Here's a positive review of my new comment policy on this blog, where I now moderate (approve) comments before they're published. One day in, I'm enjoying the lack of off-topic crazy comments from dogmatic religious believers.
I regularly exchange emails with the person who wrote what follows. John used to be religious, but now, like me, he's seen the atheist light.
John makes some good points. I don't know any atheists, which includes me, who go to religious sites and try to convert believers to atheism. But this churchless blog gets many visits and comments from religious people.
Why? Well, like John says, I agree that believers in God get a lot more defensive when someone questions their religion, than atheists do when someone questions their lack of belief in God.
Which makes sense.
I don't get upset when someone questions why I don't like country music. Since I don't have any attachment to that type of music, it doesn't bother me if a country music lover thinks I'm a fool for not being a fan of that genre.
Plus, atheists are used to being put down by religious people, while this is much less common for believers -- given that the vast majority of people in the world believe in some form of supernatural divinity.
This is the message I got from John today.
Hey Brian, I saw where you are moderating comments again. Good for you!

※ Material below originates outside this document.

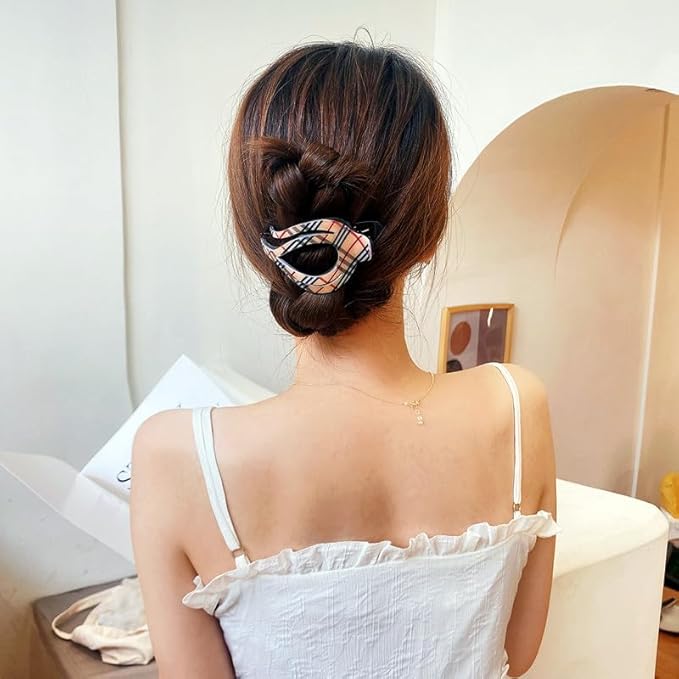 SPEVERT 3.5" Big Heart-Shaped Claw Clips for Women Stylish Curved Duckbill Hair Clips Non-Slip for Secure Alligator Clips (Light Khaki)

I think I’ve talked about this before, but I can’t understand why religious folks go on sites like yours and try to convert people, or “prove” that others are wrong, or whatever. It seems very common.
I wonder if atheists go on religious sites and rant and rave and such? I would think there are some, but my suspicion is that it’s less common.
I kind of understand why the religious folks like to argue their points. I was never really zealous in my religious days. I was very serious about my faith, but I didn’t argue with many people who didn’t believe like I did. But I think it’s more threatening to have a believer’s beliefs questioned than it is for a non-believer to have their non-beliefs questioned. LOL If you know what I mean?
There were a few times that I got into a discussion with an intelligent atheist or agnostic and they would ask me questions that I just didn’t have the answers to. That was very unsettling!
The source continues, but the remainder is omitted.